PROBLEM REQUIREMENTS:
Having read the entries, repeat all of them exactly.

PROVIDED RECORDS:

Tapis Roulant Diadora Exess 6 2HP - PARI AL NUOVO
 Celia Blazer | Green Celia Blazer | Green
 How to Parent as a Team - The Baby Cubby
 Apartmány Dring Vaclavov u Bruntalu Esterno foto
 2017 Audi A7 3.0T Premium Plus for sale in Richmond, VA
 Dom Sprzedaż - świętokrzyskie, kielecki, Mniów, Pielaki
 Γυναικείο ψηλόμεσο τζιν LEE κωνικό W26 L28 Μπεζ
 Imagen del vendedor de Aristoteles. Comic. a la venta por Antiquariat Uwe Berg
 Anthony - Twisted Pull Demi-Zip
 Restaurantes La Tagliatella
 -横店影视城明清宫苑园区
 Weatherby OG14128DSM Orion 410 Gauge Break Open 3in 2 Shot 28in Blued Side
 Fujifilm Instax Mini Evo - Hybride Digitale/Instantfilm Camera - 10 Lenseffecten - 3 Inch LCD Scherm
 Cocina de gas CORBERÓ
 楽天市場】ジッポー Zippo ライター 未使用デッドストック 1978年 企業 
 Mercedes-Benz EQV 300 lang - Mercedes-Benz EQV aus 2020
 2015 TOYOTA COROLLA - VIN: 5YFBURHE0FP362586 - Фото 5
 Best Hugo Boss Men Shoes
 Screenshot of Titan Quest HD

SOLUTION FOR THIS PROBLEM:
Tapis Roulant Diadora Exess 6 2HP - PARI AL NUOVO
 Celia Blazer | Green Celia Blazer | Green
 How to Parent as a Team - The Baby Cubby
 Apartmány Dring Vaclavov u Bruntalu Esterno foto
 2017 Audi A7 3.0T Premium Plus for sale in Richmond, VA
 Dom Sprzedaż - świętokrzyskie, kielecki, Mniów, Pielaki
 Γυναικείο ψηλόμεσο τζιν LEE κωνικό W26 L28 Μπεζ
 Imagen del vendedor de Aristoteles. Comic. a la venta por Antiquariat Uwe Berg
 Anthony - Twisted Pull Demi-Zip
 Restaurantes La Tagliatella
 -横店影视城明清宫苑园区
 Weatherby OG14128DSM Orion 410 Gauge Break Open 3in 2 Shot 28in Blued Side
 Fujifilm Instax Mini Evo - Hybride Digitale/Instantfilm Camera - 10 Lenseffecten - 3 Inch LCD Scherm
 Cocina de gas CORBERÓ
 楽天市場】ジッポー Zippo ライター 未使用デッドストック 1978年 企業 
 Mercedes-Benz EQV 300 lang - Mercedes-Benz EQV aus 2020
 2015 TOYOTA COROLLA - VIN: 5YFBURHE0FP362586 - Фото 5
 Best Hugo Boss Men Shoes
 Screenshot of Titan Quest HD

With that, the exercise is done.